From: <bugzilla@jessica.w3.org>
Date: Tue, 09 Oct 2012 17:46:46 +0000
To: www-dom@w3.org
Message-ID: <bug-19402-4009@http.www.w3.org/Bugs/Public/>
https://www.w3.org/Bugs/Public/show_bug.cgi?id=19402

           Summary: MutationSummary: When appending a record to the queue
                    the last item needs to be replaced if it represents
                    the same mutation and the new record has an oldValue
           Product: WebAppsWG
           Version: unspecified
          Platform: All
        OS/Version: All
            Status: NEW
          Severity: normal
          Priority: P2
         Component: DOM
        AssignedTo: annevk@annevk.nl
        ReportedBy: arv@chromium.org
         QAContact: public-webapps-bugzilla@w3.org
                CC: mike@w3.org, www-dom@w3.org


When appending a record to the queue the last item needs to be replaced if it
represents the same mutation and the new record has an oldValue.
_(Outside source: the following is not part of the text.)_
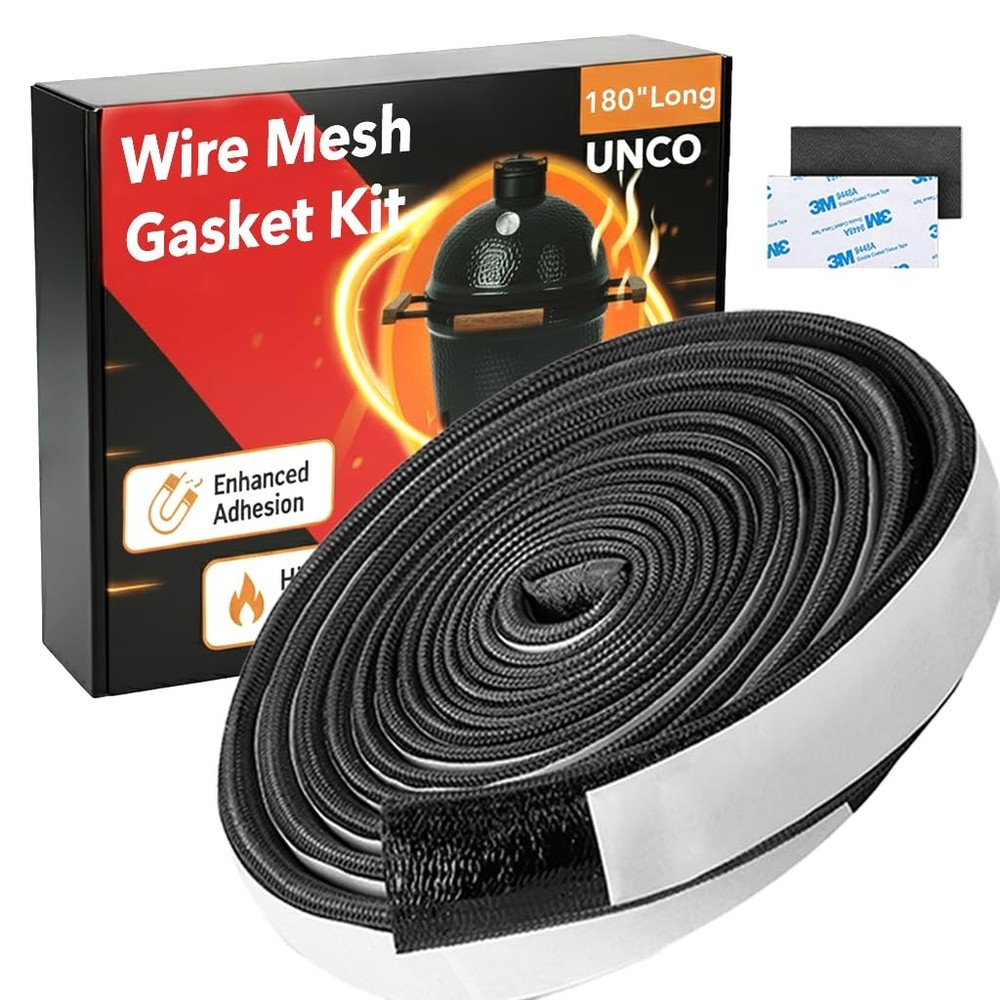 Wire Mesh Gasket 180 in Long,1-1.2in Wide, For Kamado Big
This can happen if there are more than one registered observer.

var div = document.createElement('div');
var child = div.appendChild(document.createElement('div'));
child.setAttribute('a', 'A');
var observer = new MutationObserver(function() {});
observer.observe(child, {
  attributes: true
});
observer.observe(div, {
  attributes: true,
  subtree: true,
  attributeOldValue: true
});
child.setAttribute('a', 'B');
var records = observer.takeRecords();
assert(records.length === 1);
assert(records[0].type === 'attributes');
assert(records[0].target === child);
assert(records[0].attributeName === 'a');
assert(records[0].oldValue === 'A');

Both Gecko and WebKit pass this test but the spec algorithm creates 2 records.
If the tree is deeper and there are more registered observers this can get
larger.

The problem this causes is that there can be multiple records delivered to the
same observer representing the same mutation.

The proposed solution is to add a an algorithm called append record which takes
a list of records and the record to append.
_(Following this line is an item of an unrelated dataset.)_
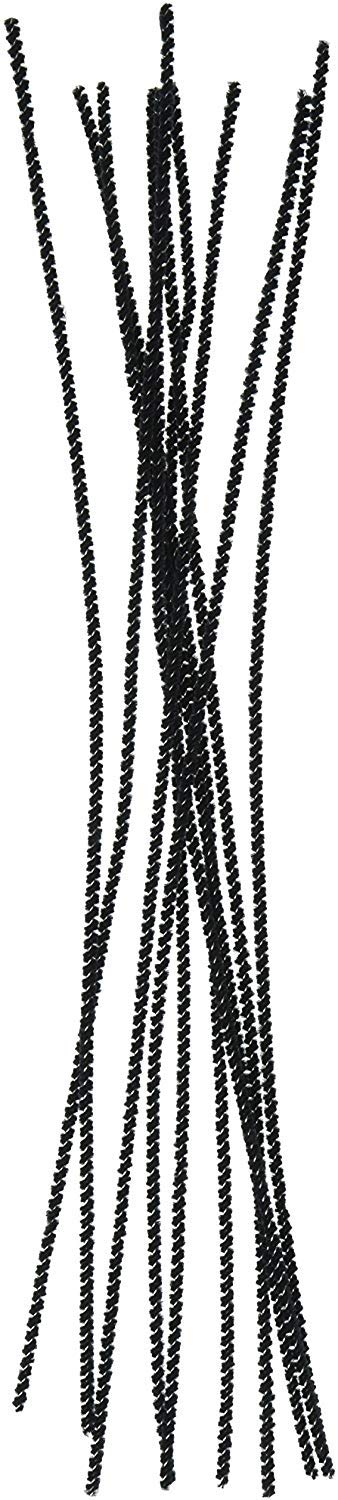 Chenille Stems 3mm 12" 25/Pkg-Black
1. If the list is non-empty and the last item in the list represents the same
mutation and the current record represents a record with oldValue replace the
last item in the list.
2. Otherwise, append the record.

This is a bit vague because we haven't defined what it means that two records
represent the same mutation. Same thing goes for defining whether the record
has an oldValue or not.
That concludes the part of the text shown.